Vous en voulez encore plus?!!??! C’est chose faite. Cette fois les The Roots passent la troisième avec ‘Illadelph Halflife‘ : Black Thought  élève le niveau de son art lyrical, Hub pose de grosses basses plus prononcées, ?uestlove impressionne par la construction de ses beats et les saxophones ont fait place aux mélodies de pianos de Scott Storch. Les vibes jazzys ont alors fait place à un hip hop sérieux, sombre et inquiétant. Une sensation de tension limite ténébreuse qui prédomine la première partie de ‘Illadelph‘ de « Respond/React » a « Push Up Ya Lighter » (avec l’impressionnante Bahamadia) : les basses nous plongent dans les profondeurs des graves, les textes possèdent autant de noirceur que la conscience et l’encre de notre MC, et les beats sont plus martelés de grosses caisses.


Schématiquement, la structure de cet album suit à peu de choses près semblable à celle de ‘Do You Want More?‘. Voici un aperçu des divers points communs.
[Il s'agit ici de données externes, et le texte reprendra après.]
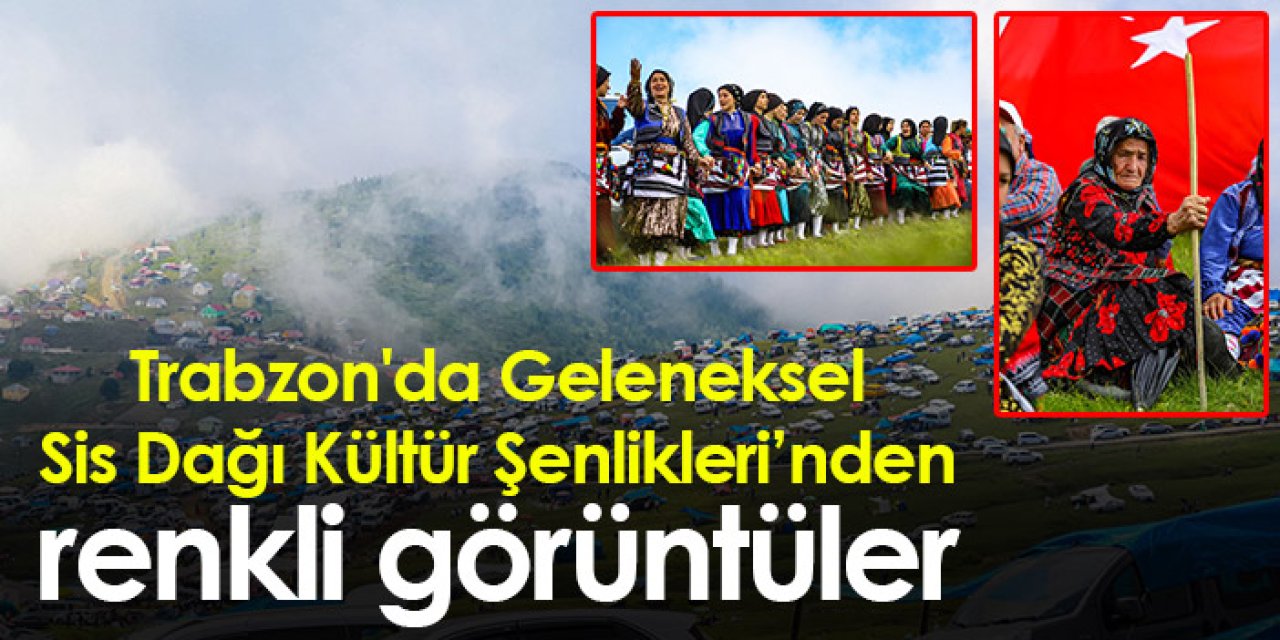 Trabzon'da Geleneksel Sis Dağı Kültür Şenlikleri yapıldı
Les premiers morceaux immergent l’auditeur dans l’ambiance qui règne à bord (c’était jazz-rap live pour Do You Want More et là le côté obscur de Philadelphie) pour atteindre la pièce maîtresse en milieu d’album, ici l’épique « Concerto of the Desperado« . Mais avant, il y a la partie d’improvisation entre la batterie menée par la baguette de ?uestlove et le scratch balbutié par Rahzel, avec le second round entre « ? vs Scratch« . Puis après avoir replongé dans d’autres chansons représentatives de la tonalité générale de l’album (spécialement « No Alibi » et « UNIverse at war« ), impossible de ne pas adorer le (nu-)soulful « The Hypnotic« , qui comme son nom l’indique, hypnotise via notre sens auditif grâce aux claviers et à la voix balladeuse de D’Angelo. La conclusion (« The Adventures In Wonderland« ) est une nouvelle fois laissée à notre conteuse Ursula Rucker, racontant l’histoire de la vie en proses crues et réalistes qui contrastent avec la douce composition de notre orchestre.
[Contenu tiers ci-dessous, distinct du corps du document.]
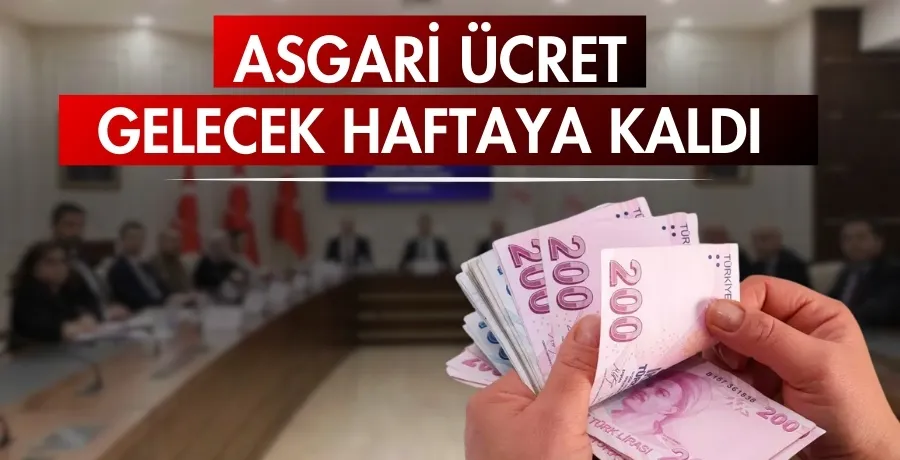 Asgari ücret gelecek haftaya kaldı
Illadelph Halflife‘ est au top niveau en tout point, on l’a déjà vu au niveau de l’atmosphère musicale. Lyricalement, Black Thought place la barre très haut. Le superbe « What They Do« , sur fond  de jazz/soul satiné signé Raphael Saadiq (au refrain et à la guitare), démantèle les méfaits de l’industrie du disque sur les artistes rappeurs et les clichés matérialistes qui encombrent notre vision des choses dans les clips. Justement, le clip de cette chanson explique plus en détail en jouant sur de l’autodérision. Seuls quelques MCs peuvent se mesurer à lui, à commencer par Dice Raw (aka The Corner Store Terrorist) sur « Clones » grâce à des rimes débitées à train d’enfer grâce à un flow hardcore. Ensuite, il y a Common Sense qui renvoie la balle à Black Thought pour un attentat verbal (« UNIverses At War« ), et il faut compter sur la présence de Q-Tip qui n’a rien d’un hasard non plus (« Ital« ). Des collaborations qui ont permis aux The Roots de se lancer dans le mouvement Soulquarian. Parmi les autres collaborations de marque : Cassandra Wilson et le jazzman Joshua Redman sur « One Shine« .

Cet opus nous présente le côté obscur du groupe de Philladelphie, et s’inscrit avec ‘Do You Want More?‘ (et surtout l’album qui suivra trois ans plus tard) parmi les classiques Hip Hop du siècle dernier. Toujours avec des instrumentaux « faits main », ‘Illadelph Halflife‘ des Roots se présente pour certains comme leur meilleur chef d’oeuvre à ce jour. En tout cas, c’en est un de chef d’oeuvre.